The ISM came in at 61.4, down from the previous reading of 63.6. “Despite the decline, the survey still points to a solid level of activity in the U.S. factory sector and is in the ninth straight month of expansion,” says BMO Nesbitt Burns Inc. chief economist, Sherry Cooper. “New orders and production also fell, but remain at levels pointing to a solid performance by U.S. producers. Inventories continue to remain tight, while production backlogs are building.”

Cooper says that the big story in the report is the prices paid and employment components, which signal that, “the clouds hovering over the U.S. job market seem to be parting, just as the U.S. presidential election campaign is warming up.”

TD Bank economist Gillian Manning said the ISM report provided yet more evidence that the beleaguered U.S. manufacturing sector is coming back to life. “The positive tone of today’s report was bolstered by comments in the text indicating that many respondents pronounced themselves encouraged by the ‘increased breadth of the recovery in manufacturing’ – evident in the fact that all 20 industries surveyed reported growth last month,” she said in a report. “The data are consistent with the U.S. economy growing at an annualized pace of more than 4% in the first quarter of 2004.”

RBC Financial Group noted the that overall, the month of February saw expansionary activity at manufacturers coupled with emerging signs of pipeline inflationary pressures and ongoing job market stabilization that point to new emerging risks and opportunities in the U.S. economy. “A continuation of such themes would materially impact the degree and timing of monetary tightening to help offset large amounts of fiscal stimulus,” said Derek Holt, RBC assistant chief economist.

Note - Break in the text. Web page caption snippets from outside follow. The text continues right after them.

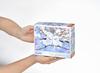 in Beverly jigsaw Fluffy Tit x 38 [Made Japan] 300-piece puzzle Long-tailed (26 cm) 300-101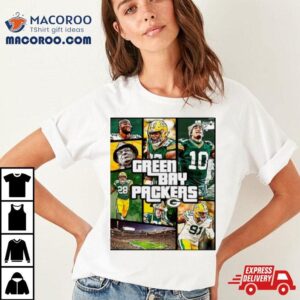 Green Bay Packers Grand Theft Auto Tshirt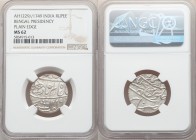 British India. Bengal Presidency Rupee AH 1229 Year 17/49 (1815) MS62 NGC, Benares mint, KM41. Plain edge. 

HID09801242017

© 2020 Heritage Aucti...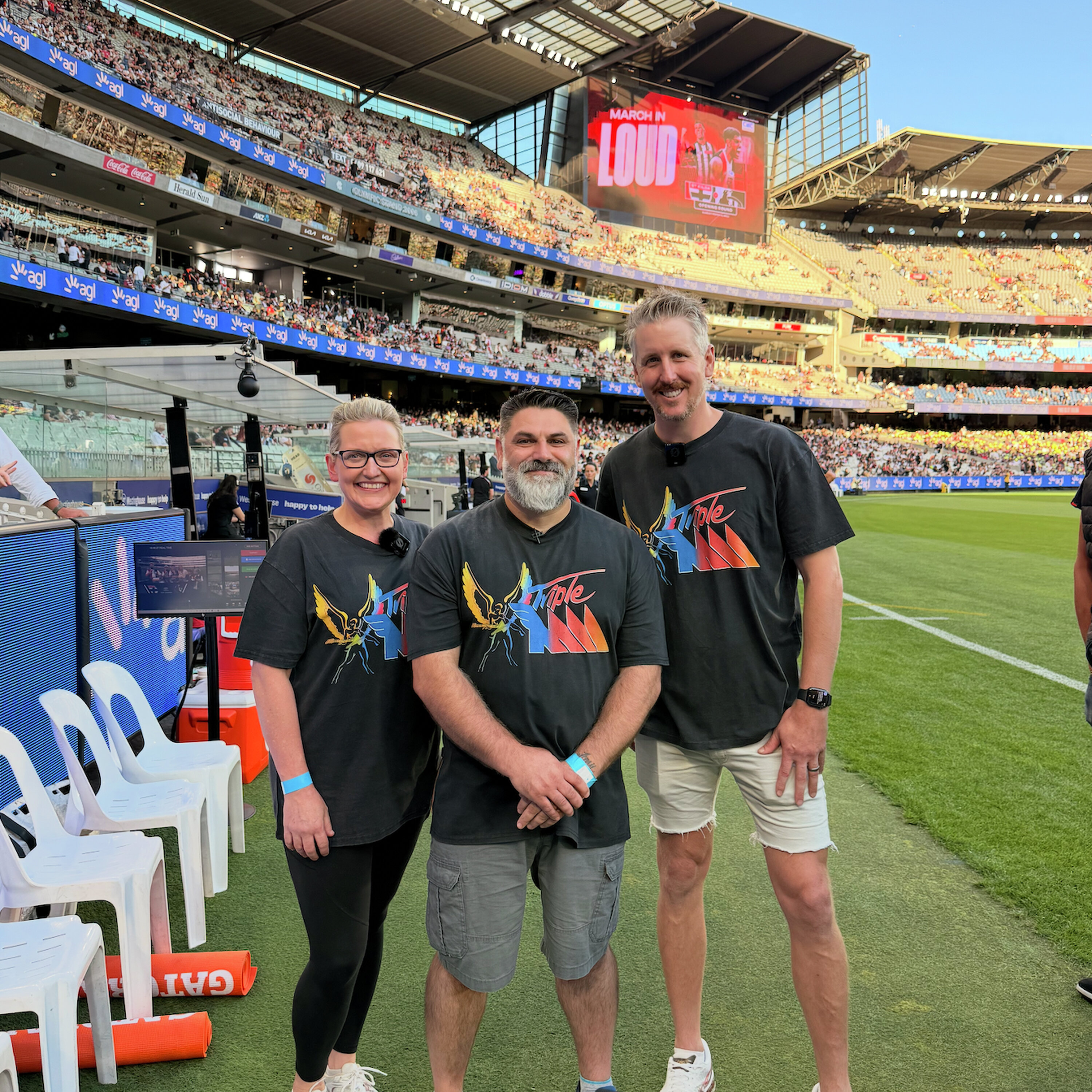 Behind The Scenes: Million Dollar Mark at the MCG | Mick In The Morning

RBC also notes that other data releases showed U.S. personal income grew by only 0.2% last month, but personal spending increased by 0.4%.

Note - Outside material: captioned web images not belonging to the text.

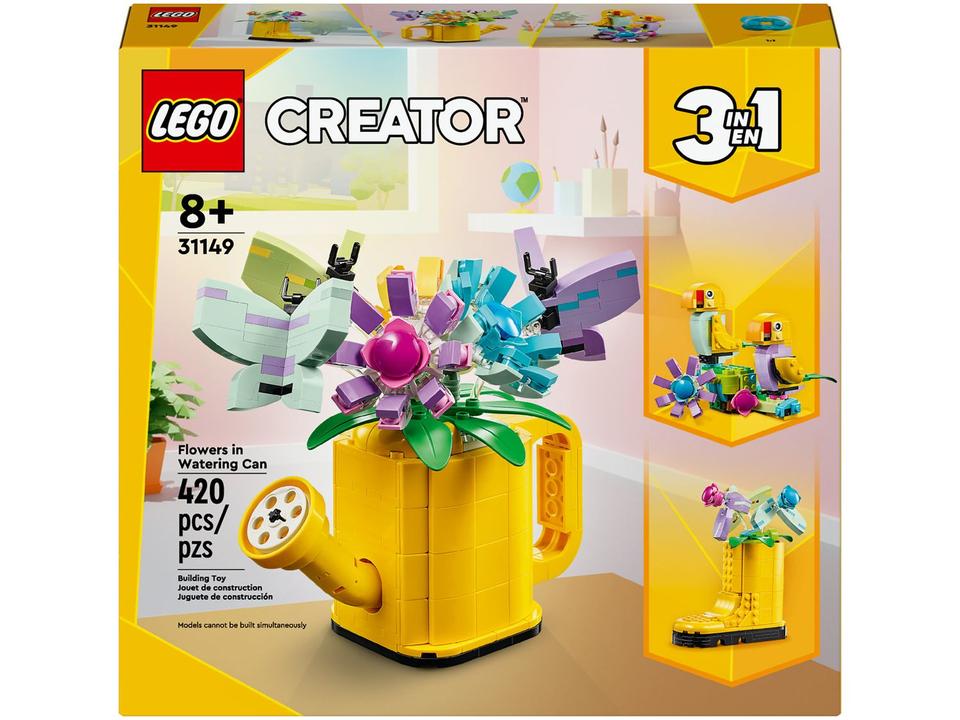 LEGO Creator 3 em 1 Regador com Flores - 1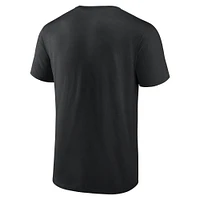 Men's Profile Black San Francisco Giants Big & Tall Pride T-Shirt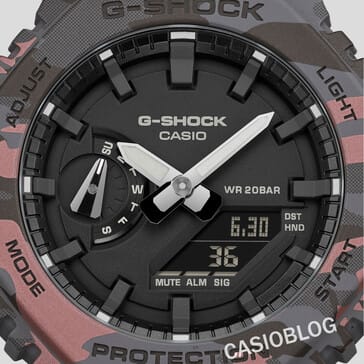 ساعات G-Shock GA-2100 العسكرية الجديدة: الابتكار والأسلوب 5 ساعات G-Shock GA-2100 العسكرية الجديدة: الابتكار والأسلوب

As well, it was reported that construction spending fell by 0.3% last month, sharply against consensus expectations for a rise of 0.2%. “Bad weather was a drag on outlays — the headline 0.3% drop was the first since last spring. Housing remained solid but other private building activity fell,” Cooper says.

“It is becoming virtually undeniable that the U.S. factory sector is improving, and that the momentum is sustainable. All manufacturing industries (20 of 20) reported growth in February, and job gains loom,” Cooper said.